Les deux candidates ont successivement pris la parole, rappelant pour la Maire de Paris, son attachement aux valeurs de liberté et de démocratie que représentait la petite république du Caucase, « poste avancé des Lumières [et] de la démocratie, une sentinelle de nos valeurs dans un environnement qui les remet parfois en cause avec violence. »Valérie Pécresse, véritable star de la soirée après son voyage à Erevan et dans le Haut-Karabakh peu avant Noel, promettait, si elle était élue « d'avoir à cœur de renforcer nos coopérations culturelles, universitaires et économiques, mais je proposerai également de lancer des programmes de formation militaires et des forces de sécurité arméniennes. » Elle terminait sur ce message : « nous livrons ensemble un combat pour la tolérance, pour la souveraineté, pour la liberté. Et au-delà des mots, c’est par des actes que nous devons le mener ».

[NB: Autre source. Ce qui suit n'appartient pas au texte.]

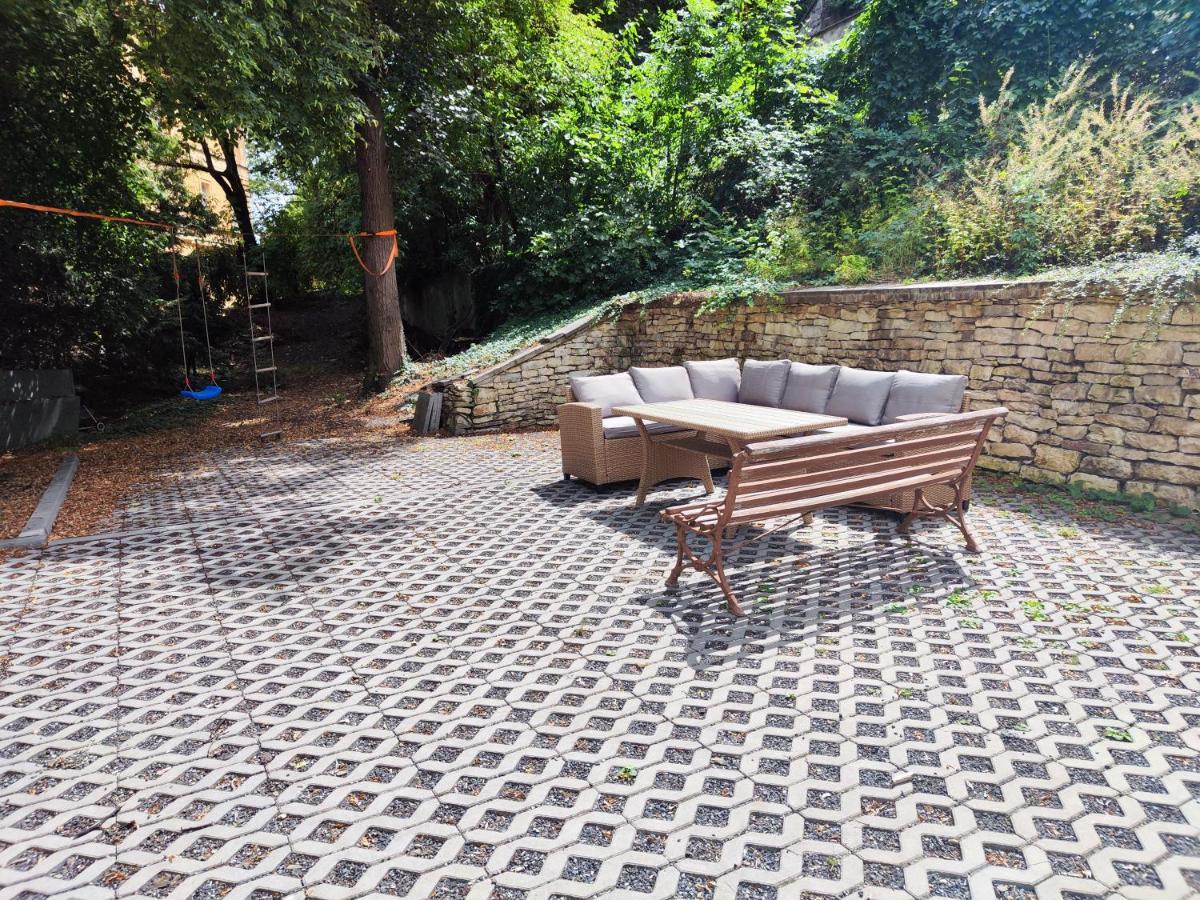 Spacious Flat & Parking Possibility, 3 Stops To Wenceslav Square Praag Buitenkant foto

Alexis Govcyian, ancien président du "Comité du 24 Avril" qui allait devenir le CCAF, Ara Toranian et Mourad Papazian ses deux co-présidents se sont ensuite succédés au pupitre. Ara Toranian, saluant les prises de position d'Emmanuel Macron pendant la guerre faisait remarquer que si « le silence tue, la non-ingérence aussi, parfois. Nous aurions besoin de voir un peu de bleu blanc rouge, quelque part, près de la frontière du Syunik ». Il réclamait une nouvelle fois la saisine du Conseil de sécurité des Nations-Unies « pour internationaliser la question et garantir l’existence de ce qu’il reste de ce peuple et de cette nation en danger ».

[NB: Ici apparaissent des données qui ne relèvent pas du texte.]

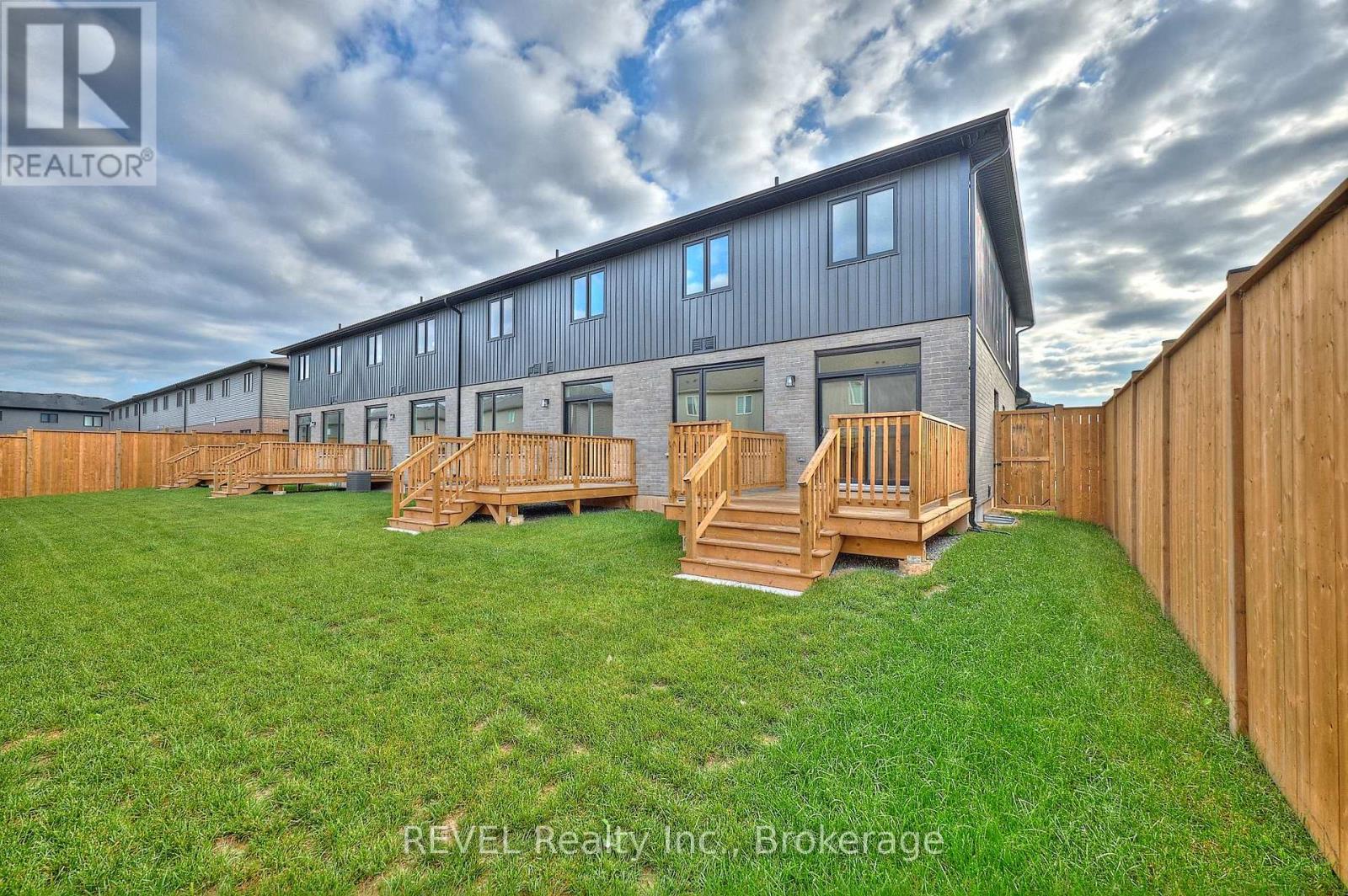 7445 Matteo Drive, Niagara Falls, Ontario  L2H 3T3 - Photo 6 - X12444001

Mourad Papazian quant à lui s'est dit « choqué et indigné, que les Arméniens aient été totalement abandonnés » déplorant à propos d'un nouvel accord conclu avec l’Union Européenne sur la fourniture de gaz par l’Azerbaïdjan « que dans le monde d’aujourd’hui, c’est le gaz, le pétrole et l’eau qui dictent la politique étrangère et de défense de certains états. […] Nous ne croyons plus aux négociations avec l’Azerbaïdjan, aux sommets diplomatiques de Bruxelles ou de Paris. En 2022, le temps n’est plus aux paroles mais aux actes ! ».

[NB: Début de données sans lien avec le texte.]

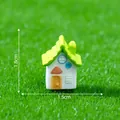 Miniature country house figurine for DIY garden decor with 1.8cm x 1.5cm size markings - Width 1.5cm x Height 1.8cm / Green Tile House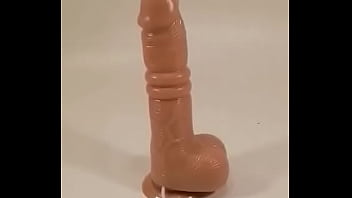 Dildo robot használat közben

Absent de marque de ce diner qu'il n'avait jamais manqué depuis son élection en 2017, le président français Emmanuel Macron était retenu à Berlin pour des entretiens avec le chancelier allemand Olaf Scholz à propos du dossier ukrainien . Il avait dépêché en urgence son premier ministre, Jean Castex. Ce dernier, dans un brillant discours très remarqué de près de 25 minutes a non seulement défendu le bilan arménien d'un président bientôt candidat mais est longuement revenu sur la feuille de route de coopération économique signée 9 décembre entre la France et l’Arménie. Nous publions dans un article séparé l'intégralité de l'intervention du premier ministre français. Visiblement très averti des réalités du terrain, il a par ailleurs annoncé la tenue d'un grand forum sur les coopérations avec les sociétés civiles arméniennes dans les toutes prochaines semaines, à l’occasion du 30e anniversaire de l’établissement des relations diplomatiques entre la France et l’Arménie. Il a enfin salué « la jeunesse d’Arménie qui, comme la jeunesse de France, ne renonce jamais, veut prendre et va prendre son destin en main et qui peut plus que jamais compter sur la France ».